◆ **Task goal**:
With the pictures removed, write out the full listing below exactly.

◆ **Raw data**:
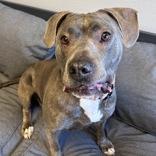 Enlarge Bonnie, a ADOPTABLE Mixed Breed in Lansing, MI image 2/4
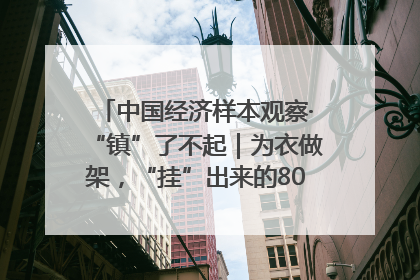 中国经济样本观察·“镇”了不起｜为衣做架，“挂”出来的80亿元“衣架产业”
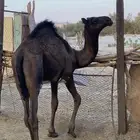 قعود مقفل شحم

◆ **Expected answer**:
 Enlarge Bonnie, a ADOPTABLE Mixed Breed in Lansing, MI image 2/4
 中国经济样本观察·“镇”了不起｜为衣做架，“挂”出来的80亿元“衣架产业”
 قعود مقفل شحم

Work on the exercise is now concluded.